Judges Sing The Theme To Rawhide As Foreclosure Defense Become Harder And Orlando Foreclosures Decline
Metro Orlando foreclosures continue to decline. The Orlando area has had 8% fewer filings in April than a month earlier. In addition, Orlando foreclosures declined 35% fewer than a year earlier.
Real estate analyst Attom Data Solutions states Orange County saw a 46% decrease in foreclosures year-over-year.
The Orlando area averaged about a 1-in-2,000 occurrence according to Attom.
The drop in Orlando foreclosures is also driving up purchase prices. The data shows that there are fewer opportunities for bottom-feeders and deal seekers. It has also caused a 43% decrease in inventory year-over-year.
Seminole County has bucked the trend in the four-county area. The county had 125 foreclosures for the month. This is 64% higher than the previous month. However, this is still 17% fewer than a year earlier.
Foreclosures were down 17% year-over-year. Lake County’s numbers were closest in the region to the national average at 16%.

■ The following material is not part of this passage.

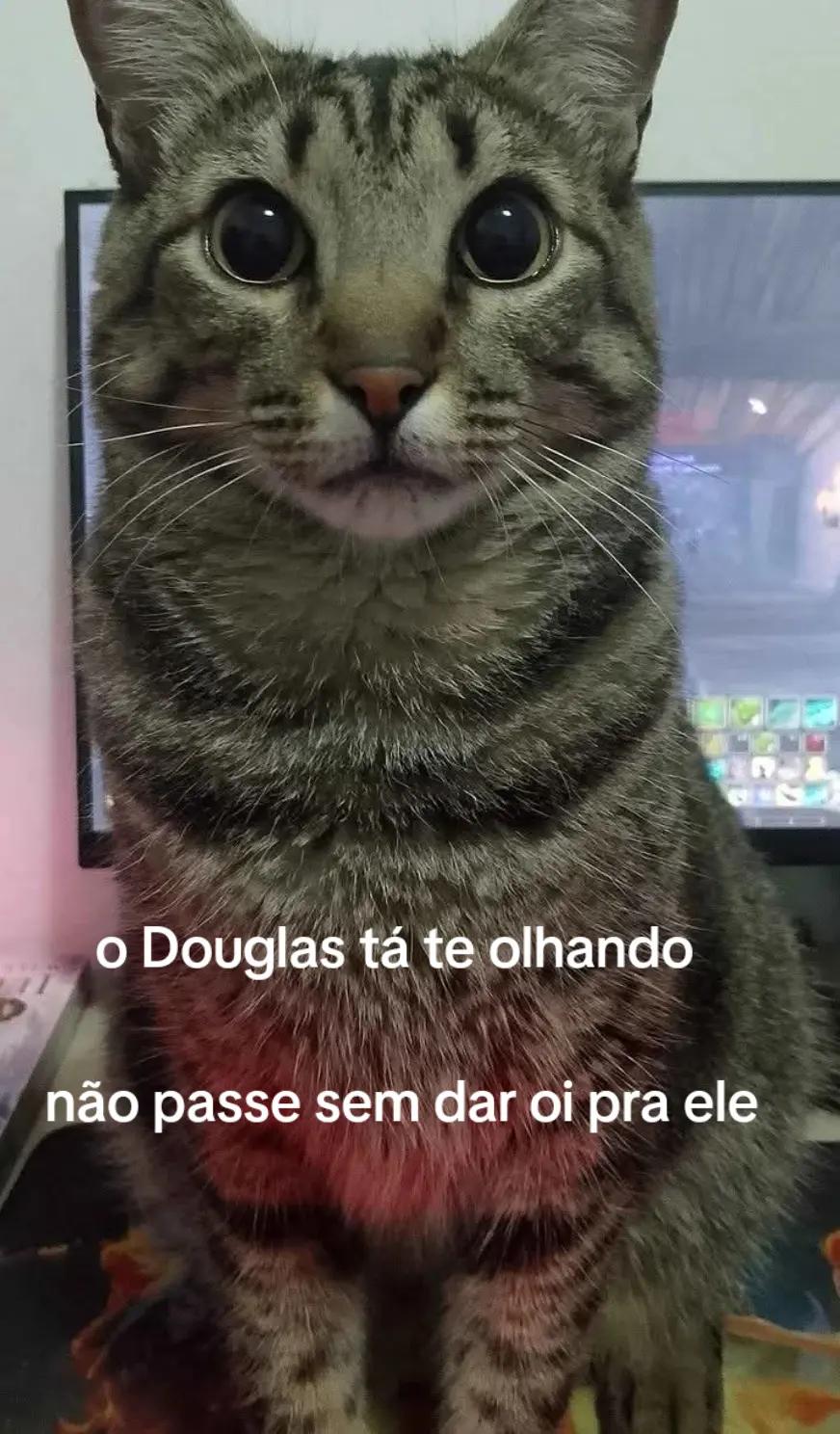 @capirotinho lindo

Foreclosure Defense Becomes Harder As Orlando Foreclosures Decline
Florida Circuit Court judges have made no secret of the fact they don’t want to hear foreclosure cases. Matter of fact, they don’t even hide their prejudice. One Orange County judge reportedly sang the theme to Rawhide as he was ruling in favor of a lender in a recent foreclosure case.
Florida Circuit Court judges have shown they are prejudiced against homeowners in foreclosure. I have had cases where Circuit Court judges will ignore evidence of fraud and misrepresentation by the lender or a foreclosure mill lawyer. I have also had a case where the Broward County judge ruled in favor of a lender after we proved the lender lacked standing. The ruling was later overturned by the Florida 4th DCA.
Judges are also ramming foreclosure cases through their docket faster than they did during the days of the Rocket Docket.
Homeowners with legitimate defenses are being forced to fight their foreclosures on the appellate level. This can be costly. The Florida DCA requires homeowners put up a bond for the appeal. The bond could cost the homeowner up to 1/3 of the foreclosure judgment.